Bless you @PeacefulPrune, you have so much self-awareness, and it is easy to tell from just a few short posts that you are a wonderful, thoughtful and caring Mum. Which to me translates to you having those same attributes running through every fibre of your being. I don't believe that to one person we can be one thing, but to another something totally different.
Although humans are very complex beings, I think in some ways we are also very simple beings. I would not like to question here the merits for or against being a "deep" thinker, or even the possibilities and reasons why some people may (or may appear to) be much deeper thinkers than others, because that can lead to a very big can of very wriggly worms.
However, the longer one spends in the company of others - and usually that is very much dependant on how old someone is for obvious reasons - the more likely we are to draw our own conclusions. Although I have some family experience of Neurodiversity, I am no-where near experienced enough, or educated enough, to draw any safe conclusions. All I can say with hopefully minimal chances of offending someone on Mumsnet, is that the more we try to delve into our own psyches, the more we question things, then to me it seems quite likely that we are going to come up with more questions, more concerns, more fears, more situational unhappiness even?
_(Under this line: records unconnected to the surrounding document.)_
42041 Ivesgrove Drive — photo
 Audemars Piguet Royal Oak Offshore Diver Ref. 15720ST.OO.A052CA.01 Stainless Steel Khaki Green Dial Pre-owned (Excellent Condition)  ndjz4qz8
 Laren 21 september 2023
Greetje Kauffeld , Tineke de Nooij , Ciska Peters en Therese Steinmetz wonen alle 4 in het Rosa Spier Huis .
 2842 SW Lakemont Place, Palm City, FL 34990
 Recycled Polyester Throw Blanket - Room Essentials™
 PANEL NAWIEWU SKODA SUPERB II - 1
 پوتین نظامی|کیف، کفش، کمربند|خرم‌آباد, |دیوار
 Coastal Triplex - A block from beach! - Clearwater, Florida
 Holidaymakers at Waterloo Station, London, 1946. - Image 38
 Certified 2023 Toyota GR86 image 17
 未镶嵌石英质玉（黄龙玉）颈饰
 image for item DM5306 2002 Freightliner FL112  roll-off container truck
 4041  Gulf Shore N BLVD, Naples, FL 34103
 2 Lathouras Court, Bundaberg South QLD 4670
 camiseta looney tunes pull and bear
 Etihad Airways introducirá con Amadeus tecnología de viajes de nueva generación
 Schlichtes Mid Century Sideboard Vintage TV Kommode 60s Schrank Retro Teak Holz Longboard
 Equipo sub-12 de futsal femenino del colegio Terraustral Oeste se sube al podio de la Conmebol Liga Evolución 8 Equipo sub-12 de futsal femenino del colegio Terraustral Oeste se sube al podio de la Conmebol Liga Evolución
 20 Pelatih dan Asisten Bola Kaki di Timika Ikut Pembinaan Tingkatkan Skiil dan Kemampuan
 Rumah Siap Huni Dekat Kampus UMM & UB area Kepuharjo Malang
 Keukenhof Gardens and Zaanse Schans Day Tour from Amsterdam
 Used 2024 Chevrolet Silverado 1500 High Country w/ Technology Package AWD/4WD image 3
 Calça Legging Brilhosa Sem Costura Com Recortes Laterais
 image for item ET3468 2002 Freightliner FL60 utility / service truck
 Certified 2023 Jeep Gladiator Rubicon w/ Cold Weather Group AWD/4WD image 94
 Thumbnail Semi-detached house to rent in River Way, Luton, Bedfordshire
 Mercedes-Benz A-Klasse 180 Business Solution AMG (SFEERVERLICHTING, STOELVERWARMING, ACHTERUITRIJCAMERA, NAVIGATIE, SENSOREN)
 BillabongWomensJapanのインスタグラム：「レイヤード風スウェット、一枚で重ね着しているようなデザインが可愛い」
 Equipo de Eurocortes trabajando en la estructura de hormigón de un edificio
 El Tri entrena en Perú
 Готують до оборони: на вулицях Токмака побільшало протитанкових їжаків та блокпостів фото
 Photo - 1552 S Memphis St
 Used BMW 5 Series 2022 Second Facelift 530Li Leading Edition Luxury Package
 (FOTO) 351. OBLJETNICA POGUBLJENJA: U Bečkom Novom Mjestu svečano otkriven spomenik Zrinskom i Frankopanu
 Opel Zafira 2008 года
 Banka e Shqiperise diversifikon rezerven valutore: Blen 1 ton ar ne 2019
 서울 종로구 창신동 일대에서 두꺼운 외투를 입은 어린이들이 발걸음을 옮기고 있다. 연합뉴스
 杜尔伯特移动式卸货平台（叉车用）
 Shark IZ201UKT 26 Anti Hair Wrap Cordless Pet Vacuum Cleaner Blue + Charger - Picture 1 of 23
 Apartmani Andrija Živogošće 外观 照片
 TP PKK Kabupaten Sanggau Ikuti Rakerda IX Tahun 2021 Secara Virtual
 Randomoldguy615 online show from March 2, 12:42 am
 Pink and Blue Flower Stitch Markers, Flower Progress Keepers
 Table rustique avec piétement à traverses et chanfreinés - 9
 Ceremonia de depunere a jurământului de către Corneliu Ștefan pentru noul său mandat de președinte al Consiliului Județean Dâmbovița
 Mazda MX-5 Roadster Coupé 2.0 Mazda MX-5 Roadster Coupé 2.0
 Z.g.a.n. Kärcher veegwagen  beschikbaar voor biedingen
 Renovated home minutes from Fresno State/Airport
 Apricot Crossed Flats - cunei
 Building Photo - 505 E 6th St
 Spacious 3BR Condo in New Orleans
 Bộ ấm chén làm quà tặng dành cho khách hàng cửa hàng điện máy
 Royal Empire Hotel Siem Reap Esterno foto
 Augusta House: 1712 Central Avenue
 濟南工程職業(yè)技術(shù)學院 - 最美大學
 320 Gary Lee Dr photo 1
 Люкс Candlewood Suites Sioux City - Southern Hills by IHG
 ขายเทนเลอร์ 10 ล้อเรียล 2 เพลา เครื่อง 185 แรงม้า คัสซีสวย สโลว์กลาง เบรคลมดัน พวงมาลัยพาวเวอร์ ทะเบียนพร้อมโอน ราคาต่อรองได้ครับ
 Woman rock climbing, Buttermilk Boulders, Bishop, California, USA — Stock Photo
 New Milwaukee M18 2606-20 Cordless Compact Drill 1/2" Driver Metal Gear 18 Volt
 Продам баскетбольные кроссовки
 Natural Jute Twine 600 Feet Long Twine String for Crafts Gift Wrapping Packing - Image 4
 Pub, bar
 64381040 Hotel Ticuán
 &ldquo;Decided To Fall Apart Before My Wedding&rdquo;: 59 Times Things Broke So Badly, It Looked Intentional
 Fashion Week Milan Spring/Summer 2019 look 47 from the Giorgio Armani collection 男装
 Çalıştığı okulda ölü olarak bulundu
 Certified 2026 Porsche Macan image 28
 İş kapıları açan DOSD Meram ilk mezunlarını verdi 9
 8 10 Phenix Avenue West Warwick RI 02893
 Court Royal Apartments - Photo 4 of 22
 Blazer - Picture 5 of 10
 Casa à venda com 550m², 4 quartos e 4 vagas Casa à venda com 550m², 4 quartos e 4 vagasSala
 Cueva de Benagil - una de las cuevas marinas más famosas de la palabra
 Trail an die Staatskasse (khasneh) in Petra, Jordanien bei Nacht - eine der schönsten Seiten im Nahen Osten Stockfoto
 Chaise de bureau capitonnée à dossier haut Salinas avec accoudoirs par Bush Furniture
So, personally I suspect if I could stop questioning everything, stop trying to understand what makes me tick, what makes my loved ones tick, what makes people the likes of Boris Johnson, Putin and Trump tick, and what, if anything, can be done to stop both my own micro concerns, and the worlds macro ones, maybe I could be a happier person? Maybe I could be weaned off anti-depressants, and then maybe I could go along and experience life in a much happier fashion, maybe I could trust life not to keep throwing curve balls in my way? Maybe I could be happy, except for those times when circumstance really does throw cluster bombs, or spikey viruses at my feet - our feet.
Maybe you could be the same PeacefulPrune? The thought of a break, a rest, from the constant mental striving, sounds idyllic, wonderful, but would life eventually also lose some of it's lustre, would we really recognise the things that do make us very happy when they do happen, or would they, if we haven't put the ground work in first, by practically forcing ourselves to participate in life, not come along at all?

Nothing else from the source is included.